The shortage of trained health care professionals in rural areas was a problem prior to COVID-19, but as Dr. Starnes-Ott says, The COVID-19 pandemic only exacerbated this problem and highlighted the inadequacies of our current healthcare system to reach the most vulnerable communities in need.

According to the Texas Rural Health Association and Rural Health Hub, there are 64 counties in the state without a hospital, 25 counties without a physician, and 75% of counties are designated as Health Professional Shortage Areas (HPSA). For telehealth to be a widely adopted solution across Texas, providers need resources, education, and support to eliminate barriers and successfully implement telehealth tools into modern healthcare practice, Dr. Starnes-Ott says.

She points out that many health care institutions shifted to a telehealth model as an emergency measure when the pandemic began, but much was done without training. With proper preparation, training, and implementation, she says, telehealth has great potential to help patients receive needed care in areas with a shortage of health care providers.

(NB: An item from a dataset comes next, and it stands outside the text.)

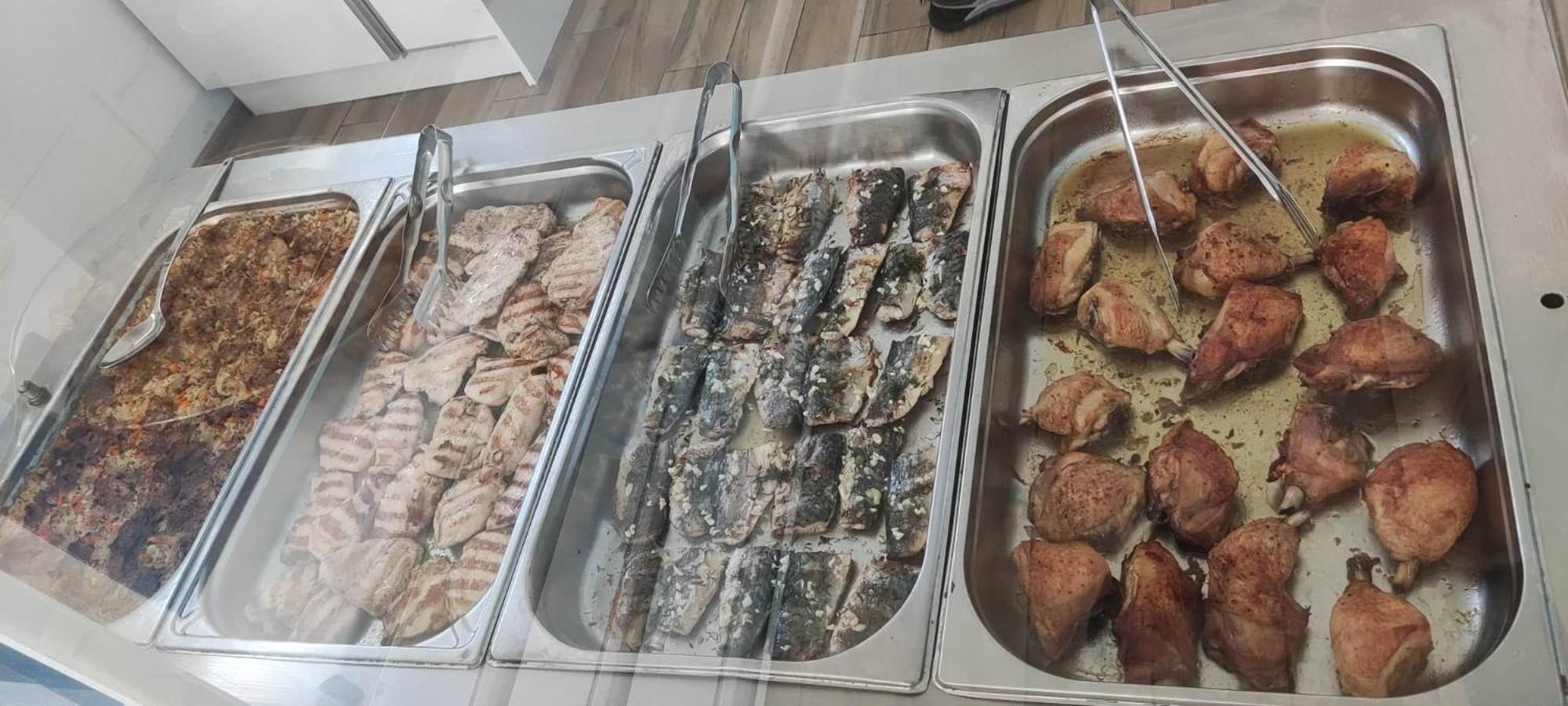Shipka Beach 47/77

The SON's program will consist of a three-semester (12 months), nine-credit certificate offering evidence-based techniques in telehealth patient presentation, telehealth etiquette, and telehealth coordination. It will utilize the four Ps of telehealth: planning, preparing, providing, and performance evaluation.

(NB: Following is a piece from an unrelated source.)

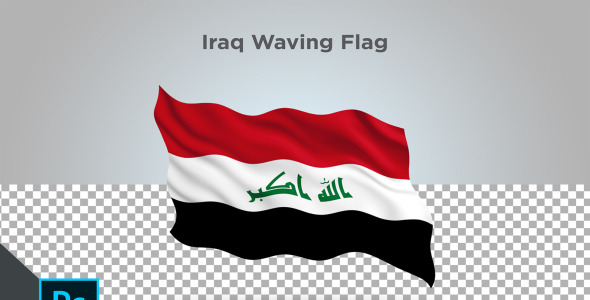 Иллюстрация на тему графика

These foundational pillars will guide the development and implementation of the program, which will include synchronous and asynchronous online sessions, as well as modular engagement with standardized patient encounters to provide collaborative, competency-based practicum opportunities. The University of Texas Virtual Health Network, which supports UT System campuses in leveraging technology to improve health care, is a consortium partner in the program.

Individuals from all health care disciplines who have direct patient care roles and a minimum of a bachelor's degree are encouraged to apply. Preference will be placed on applicants from rural health providers in Texas.

The SON is also partnering with Texas Area Health Education Centers (AHEC) East, which links 100 East Texas counties and more than 18 million people to community health workforce development, health opportunities, and resources. Through this partnership, the SON may identify and market to potential applicants that are interested in starting or enhancing their telehealth programs in rural areas and clinics.

The program directors anticipate admitting 20 students this Fall to begin the program in January.

Upon completion of the program, students will earn a certificate. Credits earned may then be applied toward a graduate degree. However, the program is also designed to be beneficial on its own, equipping healthcare providers with tools to better meet rural communities' healthcare needs.

If the student completes the entire certificate offering, the offering will culminate in a 'toolkit' for the student to start a telehealth program in a patient care clinic, Dr. Starnes-Ott said.

Dr. Svoboda says, By utilizing innovative strategies and platforms, students will strengthen their confidence and their ability to apply telehealth in clinical practice settings.